Béla Julesz (also Bela Julesz in English; February 19, 1928 – December 31, 2003) was a Hungarian-born American visual neuroscientist and experimental psychologist in the fields of visual and auditory perception.
Julesz was the originator of random dot stereograms which led to the creation of autostereograms. He also was the first to study texture discrimination by constraining second-order statistics.
Béla Julesz was born in Budapest, Hungary, on February 19, 1928. He immigrated to the United States with his wife Margit after receiving his Ph.D. from the Hungarian Academy of Sciences in 1956. Although Béla is the Hungarian name with the accent. Bela always used the non-accented version.
In 1956, Julesz joined the renowned Bell Laboratories, where he headed the Sensory and Perceptual Processes Department (1964–1982), then the Visual Perception Research Department (1983–1989). Much of his research focused on physiological psychology topics including depth perception and pattern recognition within the visual system.

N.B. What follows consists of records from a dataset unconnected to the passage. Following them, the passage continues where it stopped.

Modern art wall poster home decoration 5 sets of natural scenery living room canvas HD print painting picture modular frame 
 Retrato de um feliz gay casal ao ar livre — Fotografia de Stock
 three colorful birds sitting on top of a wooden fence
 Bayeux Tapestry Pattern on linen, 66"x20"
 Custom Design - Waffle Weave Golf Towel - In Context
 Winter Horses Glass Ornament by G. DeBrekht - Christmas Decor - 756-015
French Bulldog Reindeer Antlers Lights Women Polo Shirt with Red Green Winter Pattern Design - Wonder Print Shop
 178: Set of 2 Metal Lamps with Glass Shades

In 1959, Julesz created the random-dot stereogram using pairs of random dot patterns that were identical except for slight differences in the horizontal position of a subset of dots. When these patterns were viewed one to each eye via a stereoscope, the subset of dots appeared to be at a different depth from the remainder. Julesz referred to this, whimsically, as cyclopean vision, after the mythical Cyclops, a creature with a single eye in its forehead instead of the usual two. This was because the shape of the depth area was invisible to either eye separately; it is visible only to the cyclopean eye of stereoscopic perception that combines the information from the two eyes. Later, Christopher Tyler, a former student of Julesz, used the principles of random-dot stereograms to invent autostereograms, which create the same effect using a single image instead of two.